“It’s always better to involve us,” says Kibarisho Leintoi, a 36-year-old Masai mother of eight children. “Even though I cannot read or write, I know what I need for my family to live: we need healthcare and water.” Water for the irrigation of her tomato farm and for her 5 goats and 5 cows. Without water, her income shrinks. She used to have the means to send two of her children to school; the others had to help with chores and guarding the cattle. But after a crop failed due to drought, one of those two children had to drop out when she couldn’t afford the fees.
In the past, a little spring of water would have sufficed for the community, but due to the increasing population and livestock pressure, that is no longer sufficient. The people of the Maji Moto community, near Narok county in Kenya, understood that a dam would help them collect the water so they could use it for irrigation and livestock.
The community selected a committee of seven people, among them Kibarisho Leintoi. The committee met with Indigenous Livelihood Enhancement Partners, an indigenous people’s organization that has been working to help establish communities identify and prioritize their needs. When the Maji Moto community told Indigenous Livelihood Enhancement Partners that they needed a dam, they trained the community in proposal writing and helped them find a sponsor. The funds were then overseen by the community after receiving training from Indigenous Livelihood Enhancement Partners on how to monitor and handle funds.
Indigenous Livelihood Enhancement Partners showcased that indigenous peoples have the capacity to implement projects and take ownership, with just the right training. After working with communities for many years, Indigenous Livelihood Enhancement Partners won the United Nations Development Programme’s tender to develop stakeholder engagement and free prior and informed consent guidelines and toolkits. These will help donors and government to involve communities when setting up projects that affect their livelihoods.
“It is important to know who to talk to in the community because in the Masai community, for example, you have a cultural leadership as well as an administrative leadership,” says James Twala, programme officer on climate change for Indigenous Livelihood Enhancement Partners. “The constitution spells out that in projects affecting their livelihoods, citizens should be involved.”

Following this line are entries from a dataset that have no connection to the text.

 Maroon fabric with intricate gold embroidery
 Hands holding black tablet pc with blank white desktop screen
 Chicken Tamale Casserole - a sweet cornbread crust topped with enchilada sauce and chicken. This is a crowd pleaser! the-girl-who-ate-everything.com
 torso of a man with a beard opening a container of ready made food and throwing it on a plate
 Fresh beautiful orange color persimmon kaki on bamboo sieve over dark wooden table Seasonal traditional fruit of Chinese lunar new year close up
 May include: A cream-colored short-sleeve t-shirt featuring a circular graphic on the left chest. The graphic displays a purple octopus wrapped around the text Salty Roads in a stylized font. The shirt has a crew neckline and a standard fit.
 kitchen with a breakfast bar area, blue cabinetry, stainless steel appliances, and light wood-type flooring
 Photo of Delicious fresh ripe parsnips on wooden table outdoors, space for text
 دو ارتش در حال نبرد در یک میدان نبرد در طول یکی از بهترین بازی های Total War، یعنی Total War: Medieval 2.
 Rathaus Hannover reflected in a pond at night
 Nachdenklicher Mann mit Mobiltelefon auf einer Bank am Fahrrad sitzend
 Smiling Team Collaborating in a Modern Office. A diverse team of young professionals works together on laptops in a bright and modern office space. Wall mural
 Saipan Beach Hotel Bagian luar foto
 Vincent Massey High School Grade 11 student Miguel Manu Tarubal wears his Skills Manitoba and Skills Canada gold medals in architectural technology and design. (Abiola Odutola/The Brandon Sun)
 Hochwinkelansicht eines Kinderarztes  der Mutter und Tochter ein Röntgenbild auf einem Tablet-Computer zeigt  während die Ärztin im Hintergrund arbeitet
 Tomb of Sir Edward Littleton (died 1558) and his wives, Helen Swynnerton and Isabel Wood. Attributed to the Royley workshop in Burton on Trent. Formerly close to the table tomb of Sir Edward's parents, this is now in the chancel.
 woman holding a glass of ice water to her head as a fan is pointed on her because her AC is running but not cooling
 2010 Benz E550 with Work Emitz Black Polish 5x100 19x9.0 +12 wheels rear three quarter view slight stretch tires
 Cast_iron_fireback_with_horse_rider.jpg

Indeed, in 2010 Kenya adopted a constitution which has had profound consequences on how natural resources, including forests, are managed. Governance over natural resources is shared between the national and county level governments. The constitution requires public participation in the management, protection and conservation of forests. Consequently, various legislations such as the Forest Management and Conservation Act 2016 and the Climate Change Act 2016 target the process and engagement of local communities and minorities in environmental protection and monitoring, as well as benefit sharing. “We are not making new laws but making sure that free prior informed consent is respected, “continues Twala. “Because when projects are community-driven, they feel ownership and the project has a better chance for longevity since the community feels personally and collectively responsible for taking good care of it and maintaining it long after the donor has gone.”
The guidelines developed by Indigenous Livelihood Enhancement Partners include consultative meetings where people express their needs and the community is informed of the details of the project, including costs. Then the community decides if they give their consent or not, and if they do, community leaders have the option of giving consent verbally or signing the agreement. This consent articulates what exactly will happen, the timeline and the outcome. And lastly, the community and the implementing entity is responsible for monitoring the implementation of the project.
The UN-REDD Programme has been a pioneer of innovative policies that value and protect forests and their social and ecosystem services. Commitments to human rights-based approaches, social inclusion and stakeholder engagement are vital to its mandate and work.
Since 2017, the United Nations Development Programme is the delivery partner for the Forest Carbon Partnership Facility, and together with the Ministry of Environment and Forestry applied these guidelines in the development of the project document. During this process, stakeholders recommended a review of forest policy and legislation in Kenya to include the application of these guidelines as part of the REDD+ readiness process. This forest policy review has been initiated and is still ongoing to ensure that free prior informed consent is part of Kenya’s forest policies. “It gives the opportunity for communities to participate in the decision-making process on projects regarding the forests their livelihoods depend on,” says Judy Ndichu, Technical Coordinator for the Forest Carbon Partnership Facility in Kenya.